With long, hot days like we’re lucky enough to be experiencing in the UK at the moment, cold-brewed coffee is a revelation.
Icing hot coffee, pah, old hat. Why? Acidity.
Although cold-brewed (aka cold-pressed) coffee takes much longer to make, the results are staggeringly different due to the lack of acidity and bitterness. The flavour of the coffee is king; clean, aromatic and fresh.
This gloriously refreshing and smooth caffeine hit is terribly simple to make at home, and can be kept in the fridge for up to a month. Now, there are fancy contraptions on the market and special ‘infusing jugs’ similar to a tea-tiers, but I just used a 2 litre plastic bottle.
Add 4tbsp of roughly ground coffee beans to 2 litres of cold water, leave it for 3 days and then filter. Enjoy with an ice cube or two!

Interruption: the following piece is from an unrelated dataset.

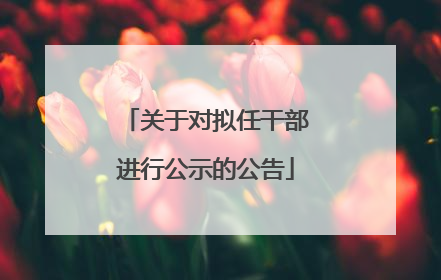 关于对拟任干部进行公示的公告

The beans need to be coarsely ground so that you don’t end up with muddy coffee, and I’d recommend using a paper coffee filter to get it as clear as possible. You could always sieve out the grounds first to avoid clogging the filter. My experimentation to date has me concluding that although you can strain and drink it after 24 hours, the taste really improves after about 90 hours of steeping. I imagine it would be relatively hard to ever produce two batches exactly the same anyway.
Apparently cold-brew works well with milk and sugar should you be that way inclined, but I certainly haven’t tried it yet.